Dear Fellow Parent,
Do you want your child to get a good job when they leave school? Do you want your child to be attractive to prospective employers? Do you want your child to succeed and be off your hands by the age of 25? Of course you do.
Let's be honest: after we've proclaimed that we want our children to be happy and healthy, the overriding concern that most of us have as parents - especially as our children move towards the end of their schooling - is that they are "on track" towards "a good job".
So how do most of us respond to this desire? Simple: we take what worked for us - or what seemed to work for most other people - and encourage them to succeed at school.
And what does success look like? Again, simple - it's about the accumulation of qualifications at as high a level as possible, in order to gain entry to university and get "on track" towards that dream job - and the associated financial security (for them and us).
Well, I hesitate to tell you this, but you'd better think again. As the father of two sons - who both succeeded in terms of academic attainment at school but who both dropped out of their respective university courses - I have some real life experience.
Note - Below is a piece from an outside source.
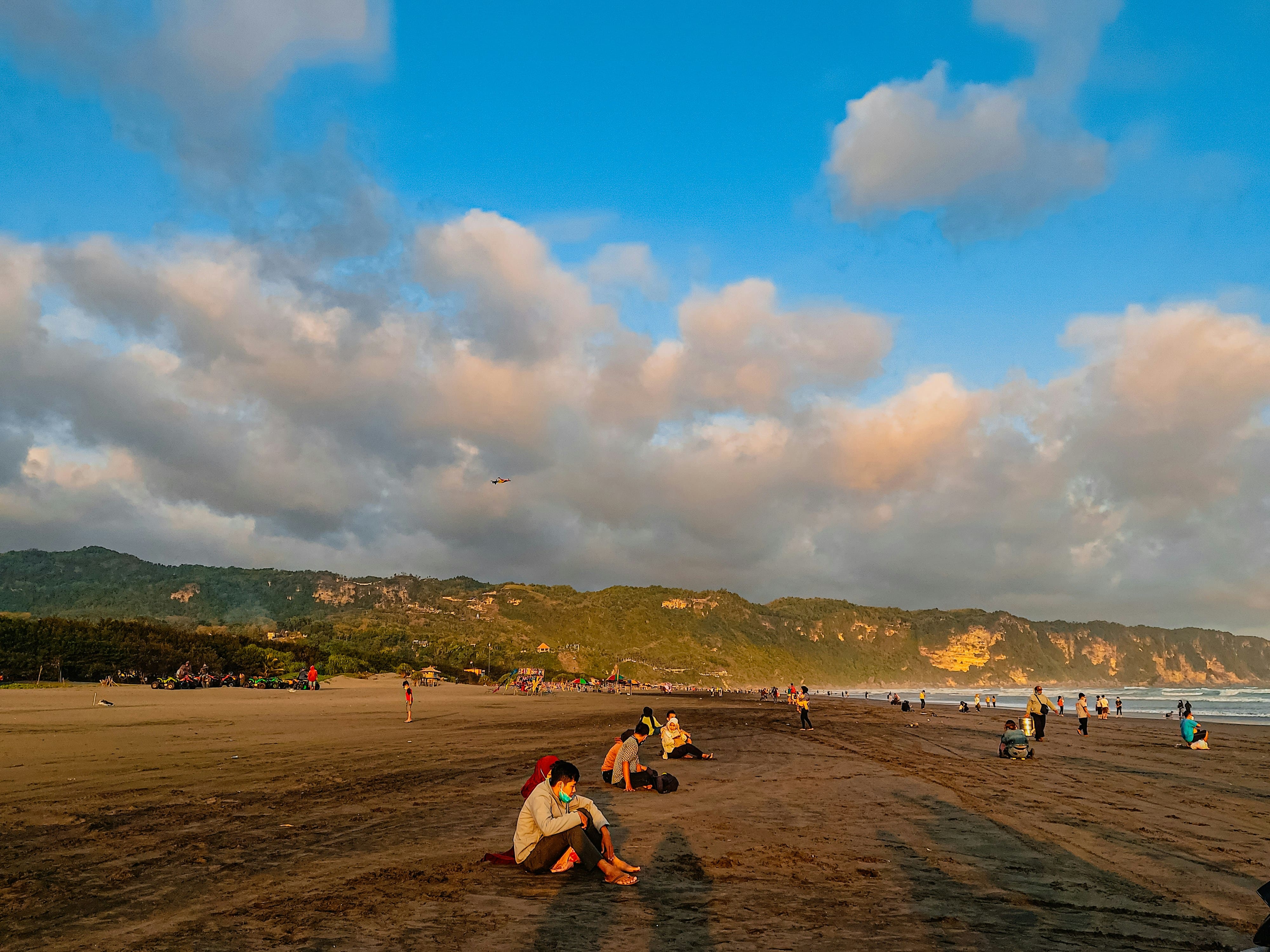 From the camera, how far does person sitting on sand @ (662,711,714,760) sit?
20.8 metres

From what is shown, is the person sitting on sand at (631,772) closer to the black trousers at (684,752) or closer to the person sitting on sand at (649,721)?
the person sitting on sand at (649,721)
I'm pleased to report that both of them have now made their own way in the world and I'd like to think that their success is down to their intrinsic drive, resilience and innovative ability over any academic success that they had at school.
I am not for one minute suggesting that academic success at school should be downplayed - in fact, quite the reverse. But what I am saying is that the manner in which we engage young people in learning needs to prepare them much better for the world which they will inhabit over their working lives of 50 or 60 years.
Tony Wagner, co-director of the Change Leadership Group at the Harvard Graduate School of Education, argues that schools are not adding the value and teaching the skills that matter most in the marketplace.
He argues that the key quality employers are looking for in employees is the capacity to innovate. This is backed up by even the most cursory examination of some of the qualities global firms are looking for in new starts. For example, Rolls-Royce looks for people who can succeed in "complex, innovative and highly challenging environments"; Deutsche Bank is seeking interns who can "provide fresh, innovative thinking"; and Shell wants people with "intellectual, analytical and creative ability..." As one might expect, Google seeks people who can, "through innovation, take things that work well and improve upon them in unexpected ways". And IBM wants "people who have skills, creativity and passion... "
The common factor in all of these cases is clearly a requirement that prospective employees have a capacity to operate effectively in an innovative environment.
Such firms take academic success for granted - this is not a matter of knowledge taking a back seat to the skills agenda - but what is clear is that the goal of education should not be to make every child "university ready" but, as Wagner calls it, "innovation ready" - ie, ready to add value to whatever they do.
The word innovation derives from the Latin verb innovare, "to renew or change". The capacity to solve problems creatively, or bring new possibilities to life, and skills like critical thinking, communication and collaboration are at the heart of innovation. Yet consider how rarely these qualities are utilised or developed in schools, especially as the high-stakes examinations come into view.
This is why what is happening in English education and Scottish education makes for such a fascinating comparison. Without wishing to enter into any political territory, it seems clear to anyone looking in that the English curriculum - via the encouragement and direction of Michael Gove (one of Scotland's exiles) - is modelling itself upon an episode of The Good Old Days, where the conviction, certainty and ideological faith regarding the place of knowledge overrides any reference to the modern skill sets that are essential in the modern workplace.
That's why Scotland, in common with countries such as Finland, Australia, India and Singapore (which has one of the highest-performing education systems in the world in terms of academic attainment) is on the right lines with Curriculum for Excellence - with its wider focus on developing personal capacities in addition to the acquisition of knowledge, especially the capacity to think independently, creatively and collaboratively.
Yet this is still an enormous jump for so many of us who have lived in a more secure and certain environment, where one's eventual place in the job market was directly related to how many Highers were achieved and the quality of the degree awarded.
I'll know we have changed when headteachers start to receive complaints from parents that their child is not being encouraged to think creatively or to develop the innovative skills he or she will require in the future - as opposed to not being given enough homework at the age of eight.
With best wishes and good luck,
Don Ledingham is director of education and children's services, Midlothian, and executive director of services for people, East Lothian.